■ **Task prompt**
There are pictures in the records below; leave them out and set down exactly the lines from the one holding "Điều tra, xử" through the one holding "Butterflies coloring".

■ **Exercise input**
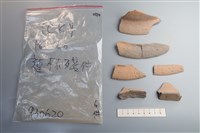 陶片藏品圖，第3張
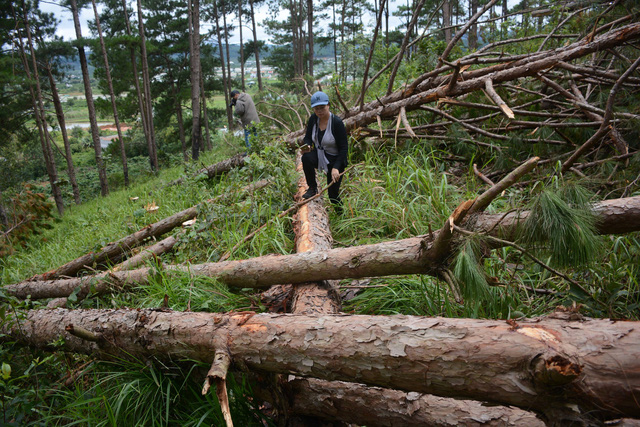 Điều tra, xử lý vụ chặt hạ rừng thông để chiếm đất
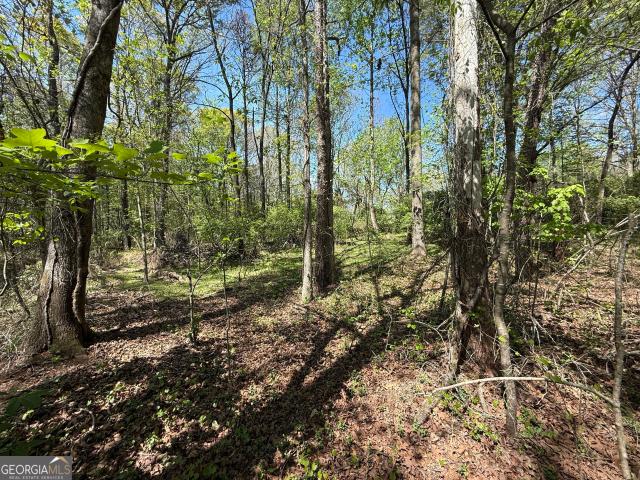 Land for sale in Maysville, Georgia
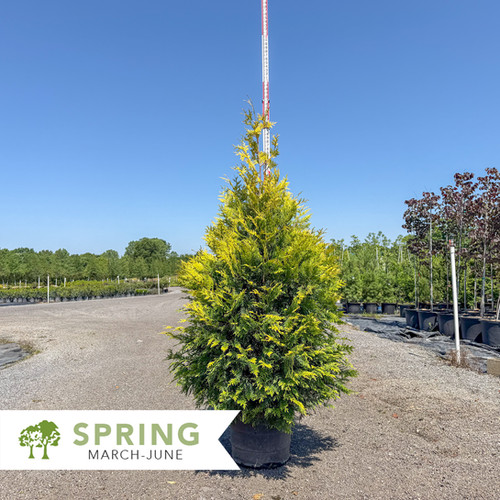 Ember Waves® Western Arborvitae - Thuja x 'MonPin' | Shepherdssupply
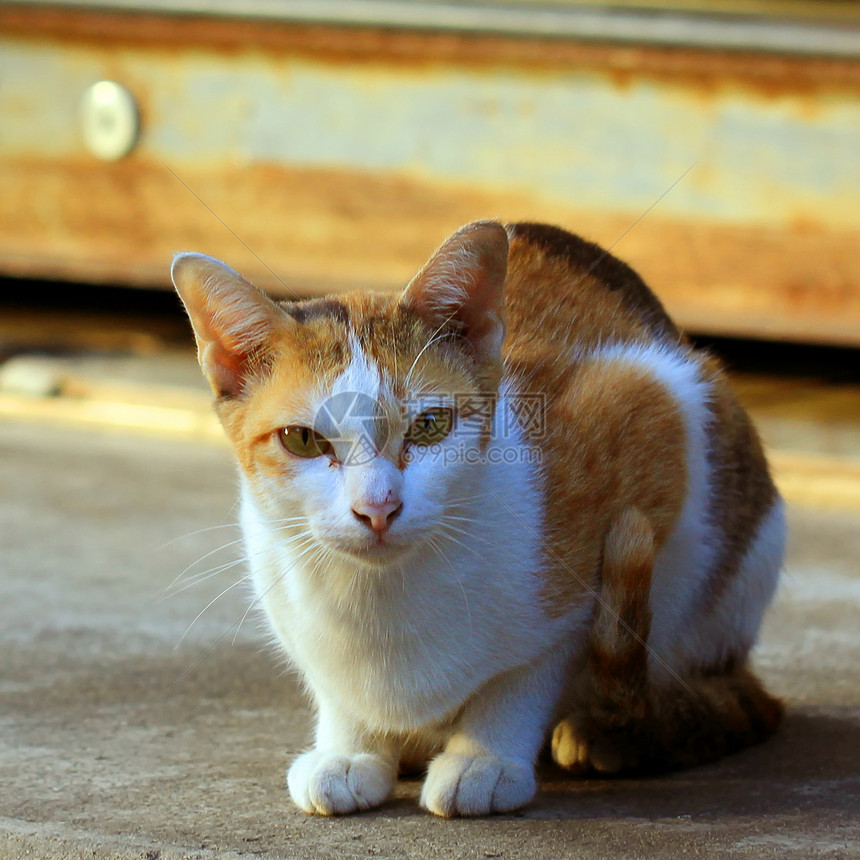 可爱猫猫的紧闭动物好奇心小狗哺乳动物朋友宠物猫咪图片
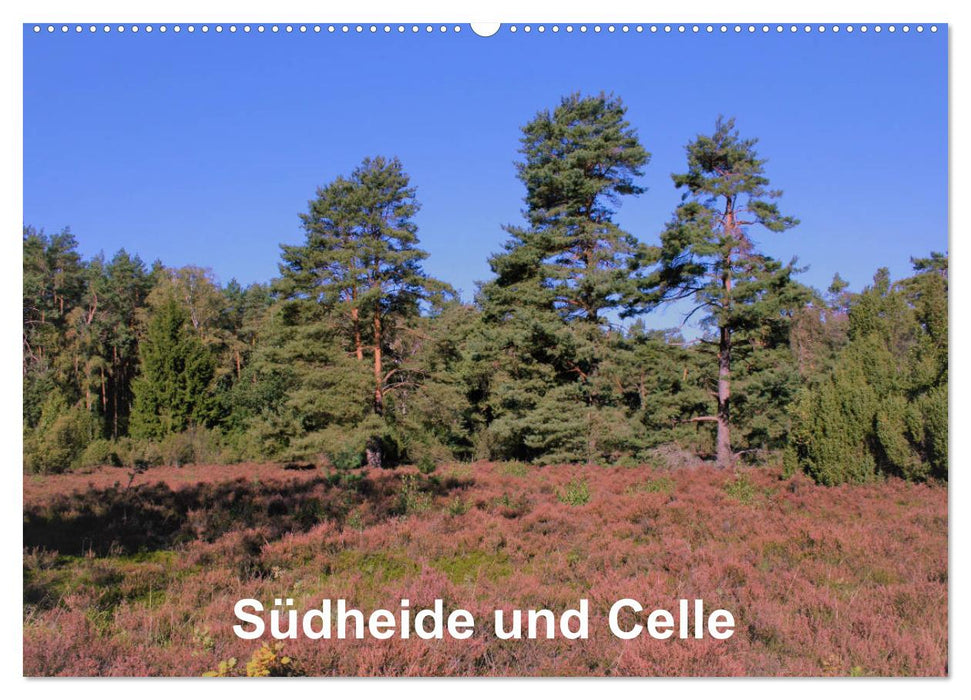 Südheide und Celle (CALVENDO Wandkalender 2025)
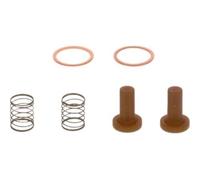 Bosch 2 447 010 011 Filtro combustible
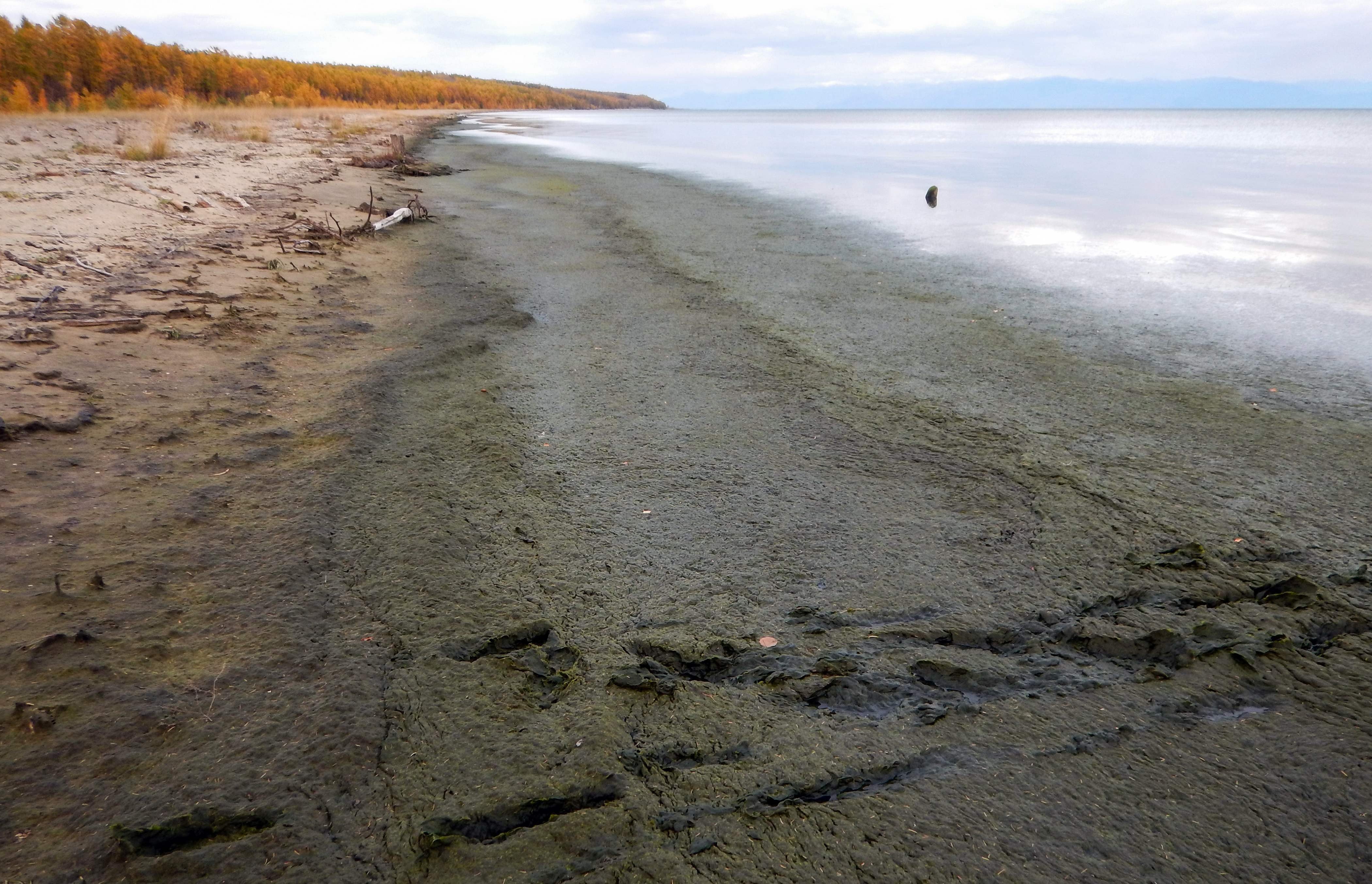 Загрязнение воды байкала. Экология озера Байкал. Река Селенга загрязнения. Грязный Байкал. Озеро Байкал загрязнено.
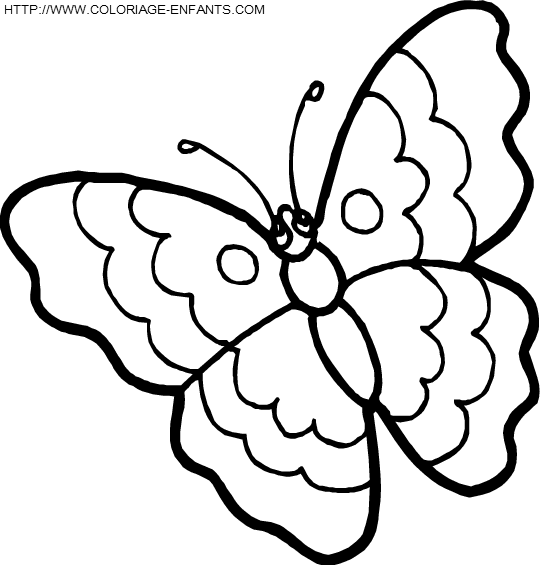 Butterflies coloring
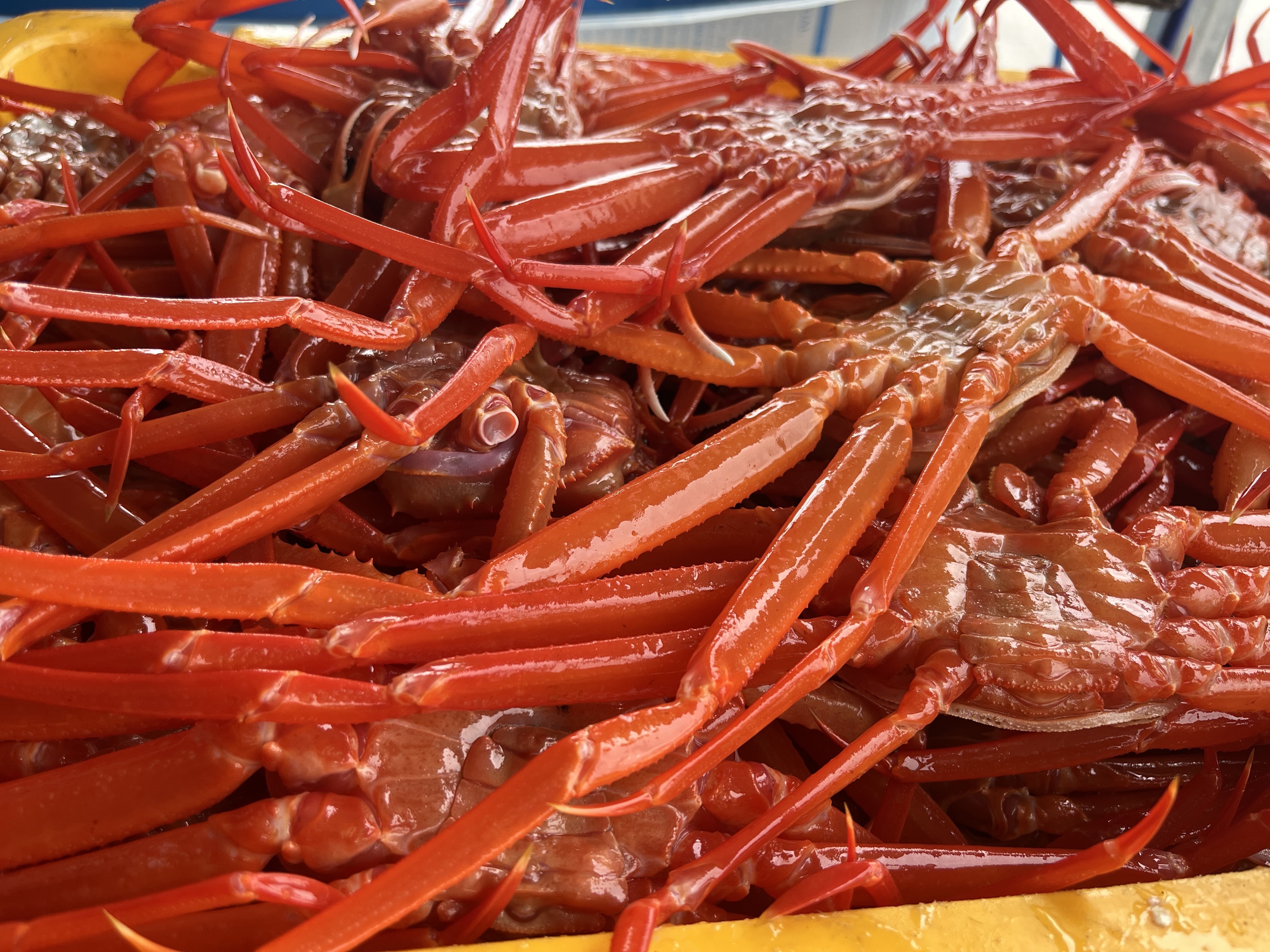 강원도 홍게 속초 동해 소짜 수율보장 자숙 찜 5kg, 1개 - 상세 이미지 4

■ **Finished exercise**
 Điều tra, xử lý vụ chặt hạ rừng thông để chiếm đất
 Land for sale in Maysville, Georgia
 Ember Waves® Western Arborvitae - Thuja x 'MonPin' | Shepherdssupply
 可爱猫猫的紧闭动物好奇心小狗哺乳动物朋友宠物猫咪图片
 Südheide und Celle (CALVENDO Wandkalender 2025)
 Bosch 2 447 010 011 Filtro combustible
 Загрязнение воды байкала. Экология озера Байкал. Река Селенга загрязнения. Грязный Байкал. Озеро Байкал загрязнено.
 Butterflies coloring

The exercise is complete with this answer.